I spent three months on the Test-Time Compute for Generative Robot Policies project, and it turned out to be far more complicated than I expected. I'm documenting the problems we encountered so we can return better prepared while focusing on the Generative World Models project.

Literature Review

  1. Unsure whether to trust literature benchmarks and don't know the proper way to read papers. Lacking critical thinking when reading research.
  2. We didn't track the state of the arts and wasted time trying to beat a benchmark to test a novel idea. This was due to my inexperience with managing literature and finding good, reliable sources. I probably need a good tutorial on the right way to use arXiv.

Documentation

  1. Keeping track of experiments and directions explored. We focused on velocity and forgot about documentation. When we did document, we didn't "connect the dots" and follow the Zettelkasten method. The thoughts are scattered everywhere.

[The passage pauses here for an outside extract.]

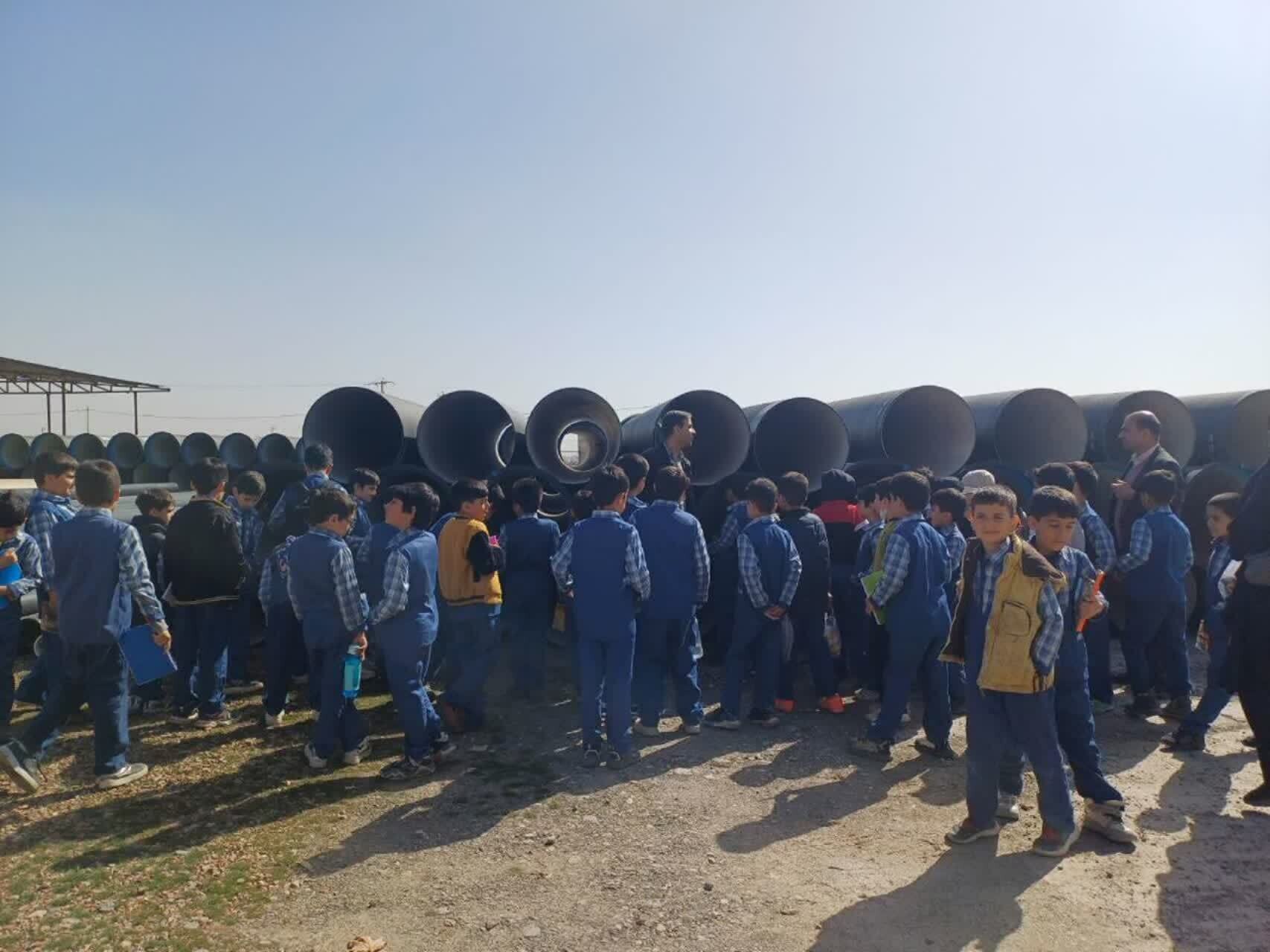 بازدید سفیران آب از تأسیسات آبرسانی آبفا نیشابور + عکس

Development Best Practices

  1. When collaborating, don't focus on software best practices. For example, don't worry about test-driven development or forking, just develop directly as a branch of the main repo.
  2. Agentic coding tools increase complexity quickly, so we need to regularly set aside time to refactor and prune the codebase.
  3. We didn't build on state-of-the-art methods from step 1, so we wasted time engineering the codebase from scratch. We also lacked the D4RL dataset that everyone uses. It's better to stick with established benchmarks rather than chasing the newest ones. Even when papers showcase new benchmarks, they run on the old ones first. This was probably due to a "futureproof and perfectionist" mentality.

Infrastructure & Tooling

  1. Training cluster access and Dockerizing early can save a lot of time for parallel experiment runs.